The data »
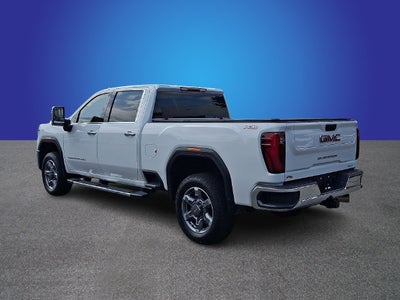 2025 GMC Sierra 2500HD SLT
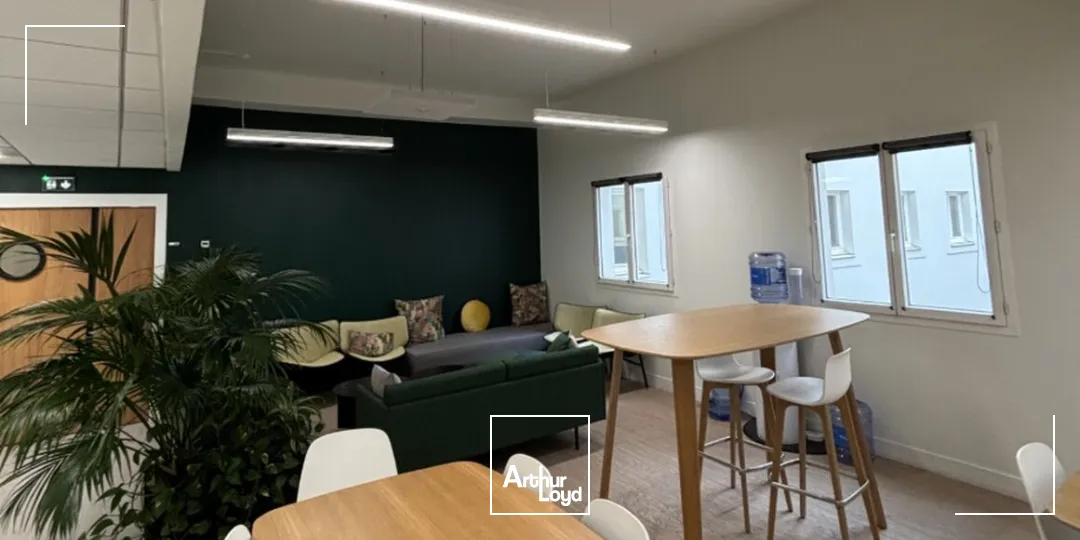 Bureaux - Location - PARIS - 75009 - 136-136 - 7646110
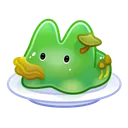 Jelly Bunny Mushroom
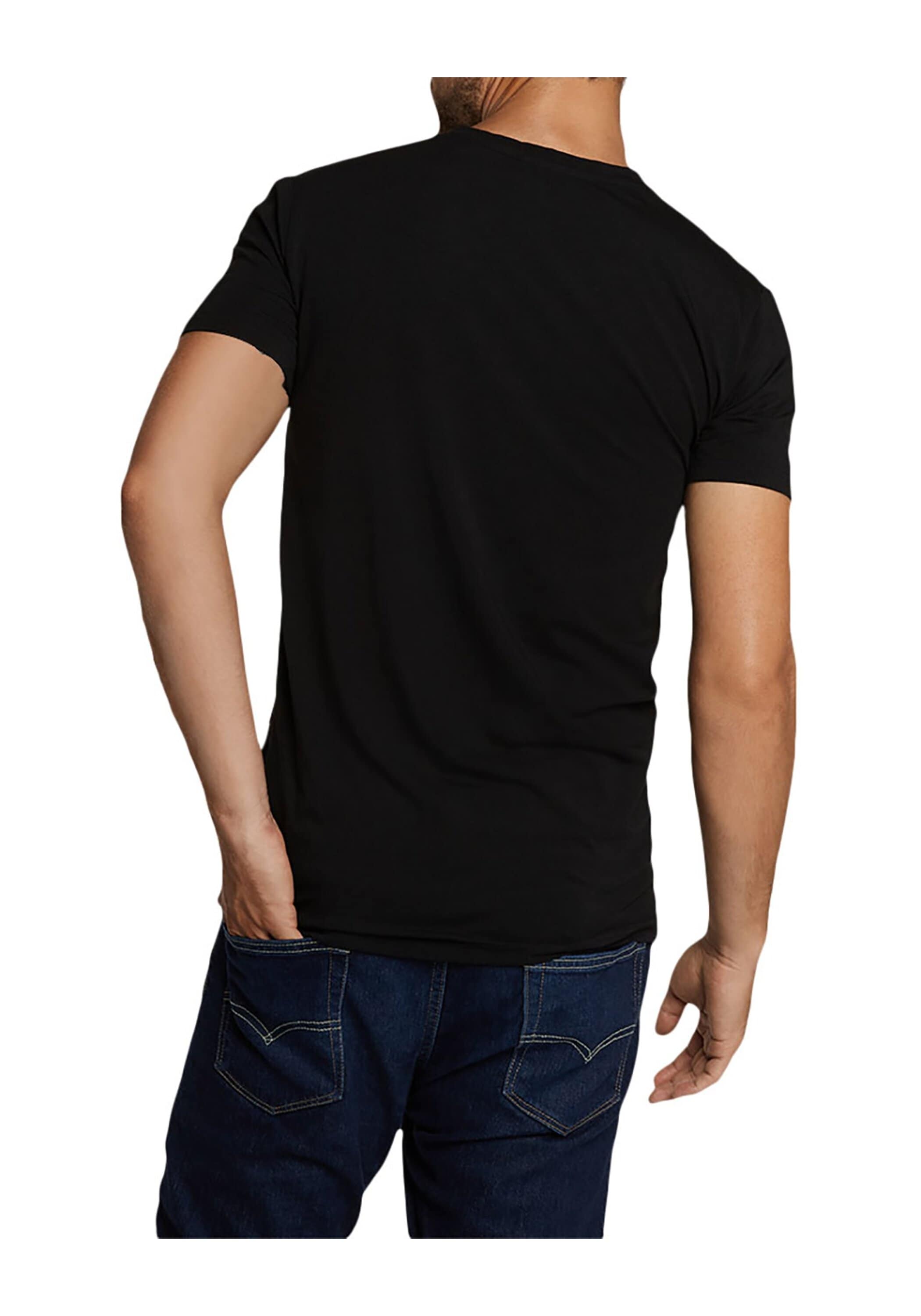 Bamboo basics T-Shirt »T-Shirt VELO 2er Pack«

---

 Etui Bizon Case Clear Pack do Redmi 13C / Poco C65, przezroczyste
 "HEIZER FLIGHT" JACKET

Task instructions »
Whatever pictures the records hold, omit them; give again exactly the lines from the one containing "Jelly Bunny Mushroom" through the one containing "Bamboo basics T-Shirt".

Your response »
 Jelly Bunny Mushroom
 Bamboo basics T-Shirt »T-Shirt VELO 2er Pack«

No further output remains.